The data follows this line. Copy verbatim the line with "A facies symphysialis" and each line after it to the end.

• **Dataset excerpts**
....

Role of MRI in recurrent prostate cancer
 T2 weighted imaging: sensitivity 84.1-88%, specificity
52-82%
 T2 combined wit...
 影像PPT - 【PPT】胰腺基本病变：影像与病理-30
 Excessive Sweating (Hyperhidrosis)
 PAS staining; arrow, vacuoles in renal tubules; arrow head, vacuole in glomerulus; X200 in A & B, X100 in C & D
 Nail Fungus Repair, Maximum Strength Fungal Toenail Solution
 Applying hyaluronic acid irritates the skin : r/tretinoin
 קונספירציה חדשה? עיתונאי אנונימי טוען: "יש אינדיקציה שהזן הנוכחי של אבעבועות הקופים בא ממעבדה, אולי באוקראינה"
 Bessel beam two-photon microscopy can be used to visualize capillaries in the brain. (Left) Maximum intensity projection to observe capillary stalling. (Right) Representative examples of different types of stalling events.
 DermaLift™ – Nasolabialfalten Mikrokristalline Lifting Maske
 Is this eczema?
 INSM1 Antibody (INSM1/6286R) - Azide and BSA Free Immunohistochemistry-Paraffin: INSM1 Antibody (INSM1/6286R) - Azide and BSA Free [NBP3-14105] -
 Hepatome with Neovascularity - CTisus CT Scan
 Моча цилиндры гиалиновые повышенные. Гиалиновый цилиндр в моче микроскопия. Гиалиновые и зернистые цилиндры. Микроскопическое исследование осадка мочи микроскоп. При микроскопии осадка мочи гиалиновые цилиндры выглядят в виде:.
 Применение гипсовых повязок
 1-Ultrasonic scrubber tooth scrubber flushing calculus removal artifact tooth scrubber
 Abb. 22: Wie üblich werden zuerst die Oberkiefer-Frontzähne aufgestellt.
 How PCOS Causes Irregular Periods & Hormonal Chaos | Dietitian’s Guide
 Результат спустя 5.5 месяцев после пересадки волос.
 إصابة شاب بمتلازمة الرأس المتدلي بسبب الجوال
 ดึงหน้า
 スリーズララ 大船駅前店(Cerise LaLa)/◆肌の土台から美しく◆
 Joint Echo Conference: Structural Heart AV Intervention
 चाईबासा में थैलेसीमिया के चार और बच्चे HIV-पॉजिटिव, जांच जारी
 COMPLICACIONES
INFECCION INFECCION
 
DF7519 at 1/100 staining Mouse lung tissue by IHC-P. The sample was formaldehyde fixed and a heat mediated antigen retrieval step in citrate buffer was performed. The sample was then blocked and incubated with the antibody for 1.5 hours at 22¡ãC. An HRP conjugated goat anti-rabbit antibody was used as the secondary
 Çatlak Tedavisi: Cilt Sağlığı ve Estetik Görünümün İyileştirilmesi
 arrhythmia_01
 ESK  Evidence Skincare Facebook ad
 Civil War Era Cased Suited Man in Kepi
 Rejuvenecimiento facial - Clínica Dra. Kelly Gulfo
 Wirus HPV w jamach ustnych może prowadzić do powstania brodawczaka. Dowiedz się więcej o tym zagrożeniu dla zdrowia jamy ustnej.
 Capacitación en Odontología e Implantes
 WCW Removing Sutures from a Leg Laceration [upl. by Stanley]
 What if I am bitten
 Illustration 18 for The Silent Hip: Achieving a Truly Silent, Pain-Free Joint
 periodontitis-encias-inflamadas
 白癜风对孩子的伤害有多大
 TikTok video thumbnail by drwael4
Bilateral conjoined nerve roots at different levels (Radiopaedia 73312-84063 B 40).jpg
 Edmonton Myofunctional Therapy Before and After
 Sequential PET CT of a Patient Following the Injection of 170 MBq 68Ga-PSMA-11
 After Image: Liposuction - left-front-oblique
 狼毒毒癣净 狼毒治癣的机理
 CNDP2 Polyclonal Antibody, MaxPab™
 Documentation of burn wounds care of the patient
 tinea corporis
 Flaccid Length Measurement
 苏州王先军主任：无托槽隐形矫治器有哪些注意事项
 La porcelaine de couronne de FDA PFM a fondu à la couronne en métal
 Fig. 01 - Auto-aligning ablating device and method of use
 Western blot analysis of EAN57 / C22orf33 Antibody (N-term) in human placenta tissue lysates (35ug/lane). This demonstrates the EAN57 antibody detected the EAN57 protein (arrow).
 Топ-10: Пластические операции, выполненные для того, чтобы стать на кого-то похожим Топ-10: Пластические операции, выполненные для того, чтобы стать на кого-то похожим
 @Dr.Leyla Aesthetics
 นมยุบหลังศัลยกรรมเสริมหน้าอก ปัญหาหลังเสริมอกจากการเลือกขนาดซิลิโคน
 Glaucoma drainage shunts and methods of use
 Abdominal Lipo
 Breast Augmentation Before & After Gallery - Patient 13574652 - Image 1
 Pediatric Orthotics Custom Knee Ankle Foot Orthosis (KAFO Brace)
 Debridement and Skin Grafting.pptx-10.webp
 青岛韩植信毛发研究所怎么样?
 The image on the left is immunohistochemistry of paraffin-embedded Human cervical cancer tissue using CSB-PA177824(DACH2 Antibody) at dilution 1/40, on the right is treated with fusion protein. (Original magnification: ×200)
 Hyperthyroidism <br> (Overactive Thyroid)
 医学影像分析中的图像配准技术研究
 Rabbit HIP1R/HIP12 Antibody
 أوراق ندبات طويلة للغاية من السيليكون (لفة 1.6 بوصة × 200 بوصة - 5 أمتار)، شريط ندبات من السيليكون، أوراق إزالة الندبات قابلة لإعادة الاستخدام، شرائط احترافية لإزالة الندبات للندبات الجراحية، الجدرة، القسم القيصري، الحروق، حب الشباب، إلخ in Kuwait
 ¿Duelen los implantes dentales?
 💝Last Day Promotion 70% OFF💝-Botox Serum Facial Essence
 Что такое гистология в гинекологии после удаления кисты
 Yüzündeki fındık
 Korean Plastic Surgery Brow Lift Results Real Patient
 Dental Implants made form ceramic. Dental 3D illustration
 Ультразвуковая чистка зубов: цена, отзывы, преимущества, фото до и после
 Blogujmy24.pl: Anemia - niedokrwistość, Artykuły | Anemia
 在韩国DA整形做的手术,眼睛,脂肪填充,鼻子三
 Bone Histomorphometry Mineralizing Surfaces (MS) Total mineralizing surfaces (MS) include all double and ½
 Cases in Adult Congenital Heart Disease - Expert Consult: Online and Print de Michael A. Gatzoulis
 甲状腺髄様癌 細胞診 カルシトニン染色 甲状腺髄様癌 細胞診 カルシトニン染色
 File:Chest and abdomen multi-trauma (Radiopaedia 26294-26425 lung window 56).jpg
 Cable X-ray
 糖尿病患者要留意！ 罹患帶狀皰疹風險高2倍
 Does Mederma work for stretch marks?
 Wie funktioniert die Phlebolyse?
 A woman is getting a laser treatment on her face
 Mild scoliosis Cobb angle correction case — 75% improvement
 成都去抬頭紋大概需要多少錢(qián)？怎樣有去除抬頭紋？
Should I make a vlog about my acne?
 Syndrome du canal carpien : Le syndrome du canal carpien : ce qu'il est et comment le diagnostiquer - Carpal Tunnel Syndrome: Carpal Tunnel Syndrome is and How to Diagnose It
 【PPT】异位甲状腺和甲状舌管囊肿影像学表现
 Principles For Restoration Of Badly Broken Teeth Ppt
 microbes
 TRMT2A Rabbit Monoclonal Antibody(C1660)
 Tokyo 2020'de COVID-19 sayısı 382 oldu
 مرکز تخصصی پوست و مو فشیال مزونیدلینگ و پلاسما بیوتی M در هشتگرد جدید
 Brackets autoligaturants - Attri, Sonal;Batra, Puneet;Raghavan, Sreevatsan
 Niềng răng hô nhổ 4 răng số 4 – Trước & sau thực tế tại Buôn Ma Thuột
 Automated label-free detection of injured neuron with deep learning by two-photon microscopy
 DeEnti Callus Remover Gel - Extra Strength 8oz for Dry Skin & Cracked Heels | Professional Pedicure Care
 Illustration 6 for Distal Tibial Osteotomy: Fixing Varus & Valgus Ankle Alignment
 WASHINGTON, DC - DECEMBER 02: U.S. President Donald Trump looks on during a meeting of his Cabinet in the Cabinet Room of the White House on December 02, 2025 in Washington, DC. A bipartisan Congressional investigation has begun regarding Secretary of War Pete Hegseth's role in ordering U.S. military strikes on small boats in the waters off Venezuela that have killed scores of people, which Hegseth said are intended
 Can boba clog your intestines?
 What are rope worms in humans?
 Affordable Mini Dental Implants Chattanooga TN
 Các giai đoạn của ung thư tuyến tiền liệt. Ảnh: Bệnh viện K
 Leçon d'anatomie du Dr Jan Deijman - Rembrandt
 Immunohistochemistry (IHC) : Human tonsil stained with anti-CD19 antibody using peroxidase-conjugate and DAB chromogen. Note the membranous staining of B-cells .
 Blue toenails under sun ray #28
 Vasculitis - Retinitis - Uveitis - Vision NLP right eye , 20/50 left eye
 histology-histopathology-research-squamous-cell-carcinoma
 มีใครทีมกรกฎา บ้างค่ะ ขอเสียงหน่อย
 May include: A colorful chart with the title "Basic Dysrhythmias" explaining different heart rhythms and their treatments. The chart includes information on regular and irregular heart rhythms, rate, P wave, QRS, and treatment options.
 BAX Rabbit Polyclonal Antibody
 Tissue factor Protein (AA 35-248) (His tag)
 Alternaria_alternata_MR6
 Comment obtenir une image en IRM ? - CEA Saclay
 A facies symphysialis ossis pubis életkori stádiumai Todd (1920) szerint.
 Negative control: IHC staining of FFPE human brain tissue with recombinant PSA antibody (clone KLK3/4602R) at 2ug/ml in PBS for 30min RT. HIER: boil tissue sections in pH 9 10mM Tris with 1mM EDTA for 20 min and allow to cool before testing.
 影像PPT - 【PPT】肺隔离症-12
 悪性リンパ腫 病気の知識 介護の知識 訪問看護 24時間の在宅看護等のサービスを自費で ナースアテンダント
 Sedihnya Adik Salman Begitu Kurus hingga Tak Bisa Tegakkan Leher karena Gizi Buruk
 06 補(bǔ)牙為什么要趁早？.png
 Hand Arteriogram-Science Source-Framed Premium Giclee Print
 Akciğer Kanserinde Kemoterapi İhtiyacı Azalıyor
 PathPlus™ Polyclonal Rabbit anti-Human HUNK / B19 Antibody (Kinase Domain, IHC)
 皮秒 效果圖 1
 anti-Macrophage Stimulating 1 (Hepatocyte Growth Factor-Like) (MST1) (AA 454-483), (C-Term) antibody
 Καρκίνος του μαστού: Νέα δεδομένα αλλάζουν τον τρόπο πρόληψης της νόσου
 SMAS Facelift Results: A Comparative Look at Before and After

....

• **RESULT FOR THIS TASK**
 A facies symphysialis ossis pubis életkori stádiumai Todd (1920) szerint.
 Negative control: IHC staining of FFPE human brain tissue with recombinant PSA antibody (clone KLK3/4602R) at 2ug/ml in PBS for 30min RT. HIER: boil tissue sections in pH 9 10mM Tris with 1mM EDTA for 20 min and allow to cool before testing.
 影像PPT - 【PPT】肺隔离症-12
 悪性リンパ腫 病気の知識 介護の知識 訪問看護 24時間の在宅看護等のサービスを自費で ナースアテンダント
 Sedihnya Adik Salman Begitu Kurus hingga Tak Bisa Tegakkan Leher karena Gizi Buruk
 06 補(bǔ)牙為什么要趁早？.png
 Hand Arteriogram-Science Source-Framed Premium Giclee Print
 Akciğer Kanserinde Kemoterapi İhtiyacı Azalıyor
 PathPlus™ Polyclonal Rabbit anti-Human HUNK / B19 Antibody (Kinase Domain, IHC)
 皮秒 效果圖 1
 anti-Macrophage Stimulating 1 (Hepatocyte Growth Factor-Like) (MST1) (AA 454-483), (C-Term) antibody
 Καρκίνος του μαστού: Νέα δεδομένα αλλάζουν τον τρόπο πρόληψης της νόσου
 SMAS Facelift Results: A Comparative Look at Before and After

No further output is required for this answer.